The sport has a rich history behind it and the men's ATP Tour and women's WTA Tour continue to captivate audiences across the globe.
But for those unfamiliar with the sport, the scoring system within tennis can often prove complex and illogical and may even stop some from engaging with it.
Advantage? Deuce? Tie-break? What do they all mean?
Here is a look at the tennis scoring system, including an explanation of what some of these key terms mean.
Breaking it down to the very basics, tennis operates in three phases - games, sets and matches.
A game is the simplest of the three and is essentially played until one player has scored four points, unless their opponent is also on four points, but more to come on that shortly.
A game in tennis begins with one player serving and either player can score, regardless of whether they are serving or not.
If a serve hits the net cord but is otherwise a legal serve, the word 'let' is shouted and the player serving has another opportunity to serve without losing a point.
However, two successive illegal serves will cost a player a point. Points can be scored in a variety of ways in tennis but are most commonly awarded when one player strikes the ball legally over the net and into their opponents' side of the court without their opponent returning the ball.
This is where things can get a little tricky as a point scored does not mean that player takes a 1-0 lead. Instead, the sequencing of points in tennis is unique.
Both players start on zero points, otherwise referred to as 'love'. One point scored then means a player moves onto 15, so once the first point of the game has been scored, one player will lead 15 to love.
Two points are then labelled 30 and three points are labelled 40. So if one player has scored three points and the other two, one player leads 40-30.
Four points will then win a player the game, unless their opponent has also scored four points, meaning the score would read 40-40. This is known as 'deuce'.
When players are level on 40-40 or 'deuce', the winner of the next point in the game does not win the game but is instead awarded 'advantage'.
To win the game, they must then take the subsequent point after that. If, however, one player has 'advantage' but their opponent wins the next point, the game returns to 40-40 or 'deuce'.
The game continues in this way and is not finished until one player has taken advantage and then won the subsequent point.
It is worth noting there is no limit within the rules of tennis to the number of times players can tie at deuce.
Once players have competed in a game, the other player will then serve in the second game.
The next phase of a tennis match is something called a 'set'. In order to win a 'set' a player must win six games or seven in the event of a tiebreak.

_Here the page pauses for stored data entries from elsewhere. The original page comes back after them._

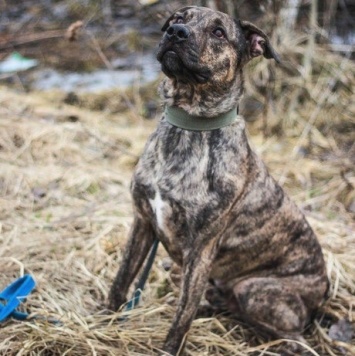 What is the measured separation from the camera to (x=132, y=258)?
3.61 meters

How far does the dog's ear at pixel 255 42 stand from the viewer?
3.28m

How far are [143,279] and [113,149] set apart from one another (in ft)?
9.48

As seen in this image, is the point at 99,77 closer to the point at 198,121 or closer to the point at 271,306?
the point at 198,121

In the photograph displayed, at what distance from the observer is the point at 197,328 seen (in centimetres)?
367

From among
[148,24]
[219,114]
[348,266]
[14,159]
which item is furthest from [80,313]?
[148,24]

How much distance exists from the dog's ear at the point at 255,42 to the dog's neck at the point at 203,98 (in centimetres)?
20

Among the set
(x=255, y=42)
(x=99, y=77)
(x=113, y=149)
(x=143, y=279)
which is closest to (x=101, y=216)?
(x=143, y=279)

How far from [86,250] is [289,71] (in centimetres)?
406

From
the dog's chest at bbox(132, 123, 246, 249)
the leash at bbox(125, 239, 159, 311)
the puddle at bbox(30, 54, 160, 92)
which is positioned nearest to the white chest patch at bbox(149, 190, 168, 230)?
the dog's chest at bbox(132, 123, 246, 249)

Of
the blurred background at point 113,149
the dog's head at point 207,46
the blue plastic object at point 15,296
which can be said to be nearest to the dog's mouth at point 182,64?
the dog's head at point 207,46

To win a match, players will typically need to win two or three sets in total. Some tennis matches are best-of-three set contests, while others, such as matches in men's Grand Slam events, are best-of-five set contests.

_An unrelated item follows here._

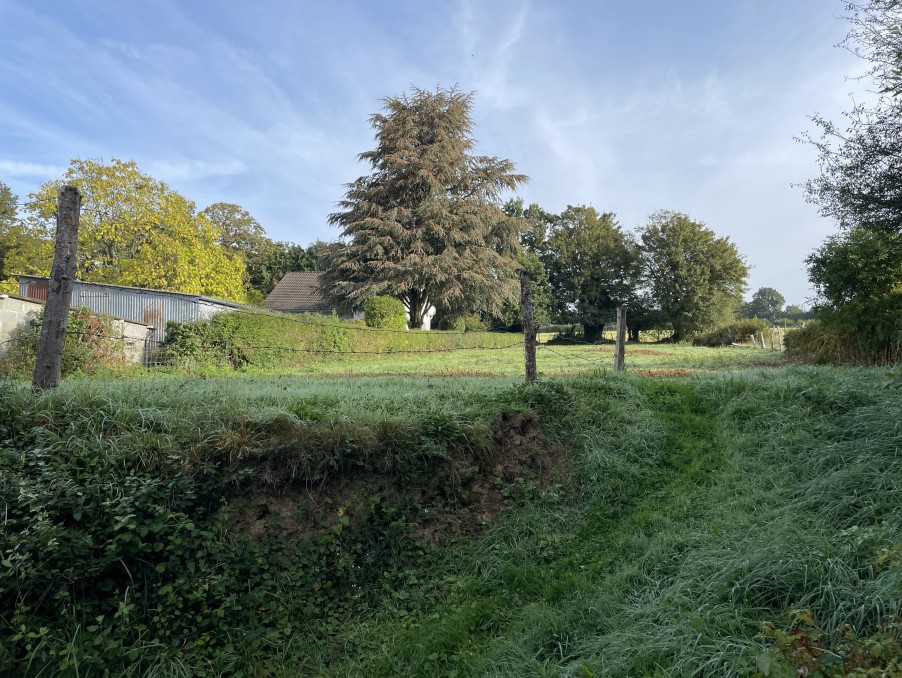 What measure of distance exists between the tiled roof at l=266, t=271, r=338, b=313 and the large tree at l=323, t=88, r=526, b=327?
8.52m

To clarify, if one player has won six games and their opponent has only won four, they have won the set 6-4.
To win a set, a player must win six games but must also have a lead of at least two games like in this example.

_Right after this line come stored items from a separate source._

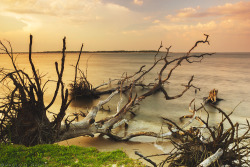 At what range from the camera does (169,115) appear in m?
8.41

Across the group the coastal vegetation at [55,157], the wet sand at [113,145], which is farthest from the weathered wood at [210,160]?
the wet sand at [113,145]

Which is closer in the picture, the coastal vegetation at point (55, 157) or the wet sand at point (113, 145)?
the coastal vegetation at point (55, 157)

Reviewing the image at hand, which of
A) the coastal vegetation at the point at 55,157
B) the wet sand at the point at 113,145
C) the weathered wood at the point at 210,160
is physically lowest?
the wet sand at the point at 113,145

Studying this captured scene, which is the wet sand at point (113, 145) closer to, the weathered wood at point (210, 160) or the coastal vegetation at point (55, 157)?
the coastal vegetation at point (55, 157)

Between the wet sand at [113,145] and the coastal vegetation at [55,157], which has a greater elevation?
the coastal vegetation at [55,157]

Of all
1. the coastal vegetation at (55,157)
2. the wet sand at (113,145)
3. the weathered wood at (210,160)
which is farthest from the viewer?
the wet sand at (113,145)

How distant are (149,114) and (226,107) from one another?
421 centimetres

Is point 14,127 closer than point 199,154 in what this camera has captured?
No

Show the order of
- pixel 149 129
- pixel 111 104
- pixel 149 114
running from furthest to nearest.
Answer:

In all sets apart from the final set - more on that shortly - if the score reaches a 6-6 tie, this triggers something known as a 'tie-break'.
A 'tie-break' is used to separate two players who have each won six games in a set and in a 'tie-break' the conventional tennis scoring system of love, 15, 30, 40 etc. is not used.
Instead, players score one point at a time until one player has reached seven points with a two-point advantage.
If both players reach seven points, they continue to play until one player has a two-point lead in the tie-break.
As mentioned, there is no tie-break in the final possible set of a tennis match. Instead, the set continues with games being played one after another until one player has established a two-game lead overall to decide the set.
This can of course result in long contests with the final set of John Isner's clash with Nicolas Mahmut in 2010 at Wimbledon having finished 70-68 in favour of American star Isner and having lasted for 8 hours and 11 minutes.
The match, meanwhile, went on for 11 hours and five minutes with play taking place over three days.
The origins of the tennis scoring system are not known for certain but many believe it originated from clock faces being used to keep score on court with a quarter move of the hand indicating a score of 15, 30 and 45, meaning when the clock moved to 60, the game had finished.